» **Web page caption snippets**
----

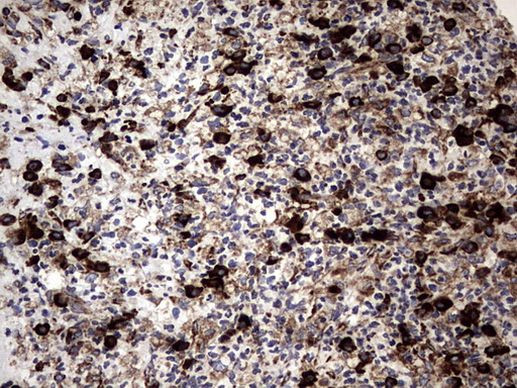 DDOST Antibody in Immunohistochemistry (Paraffin) (IHC (P))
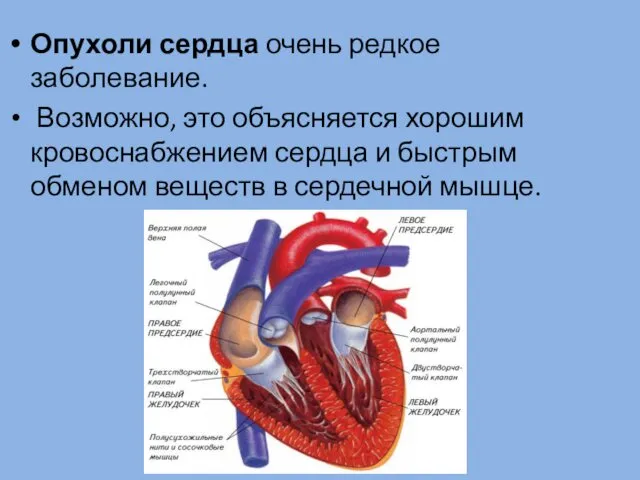 Опухоли сердца очень редкое заболевание. Возможно, это объясняется хорошим кровоснабжением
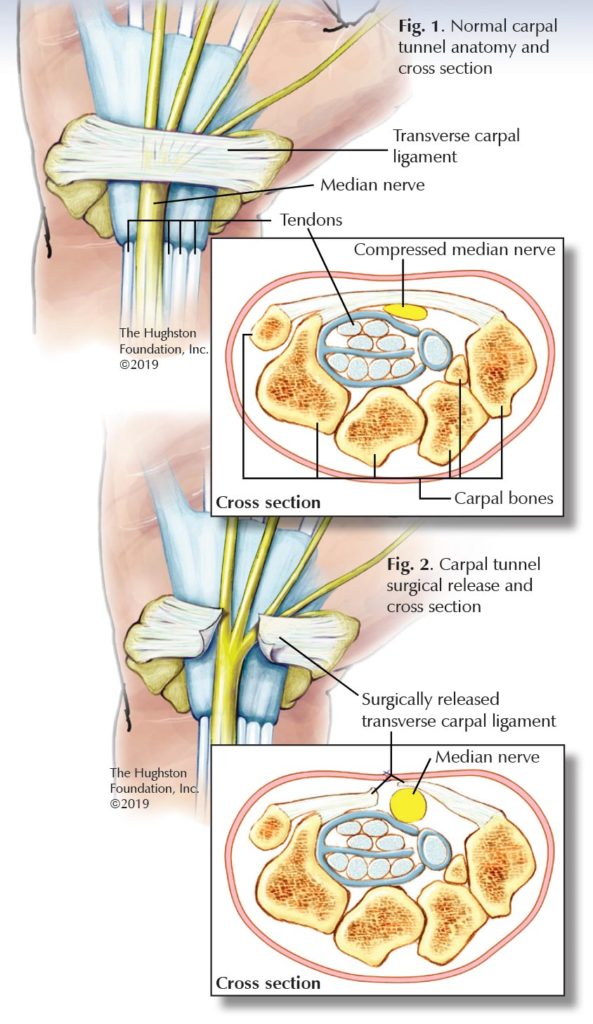 carpal-tunnel-syndrome-questions-for-a-specialist-georgia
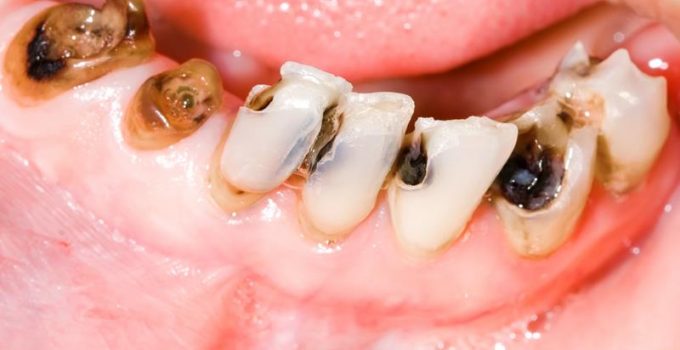 Noblet Cosmetic & Family Dentistry |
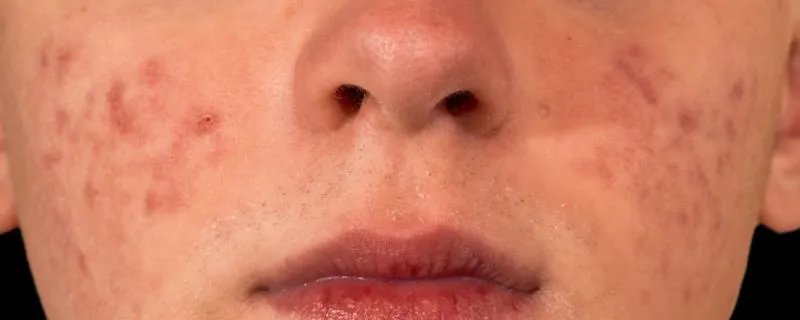 粉刺和痘痘的区别是什么 怎么区分痘痘和粉刺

----

» **Exercise aim**
Print each entry shown above with exact wording and no pictures.

» **Completed exercise**
 DDOST Antibody in Immunohistochemistry (Paraffin) (IHC (P))
 Опухоли сердца очень редкое заболевание. Возможно, это объясняется хорошим кровоснабжением
 carpal-tunnel-syndrome-questions-for-a-specialist-georgia
 Noblet Cosmetic & Family Dentistry |
 粉刺和痘痘的区别是什么 怎么区分痘痘和粉刺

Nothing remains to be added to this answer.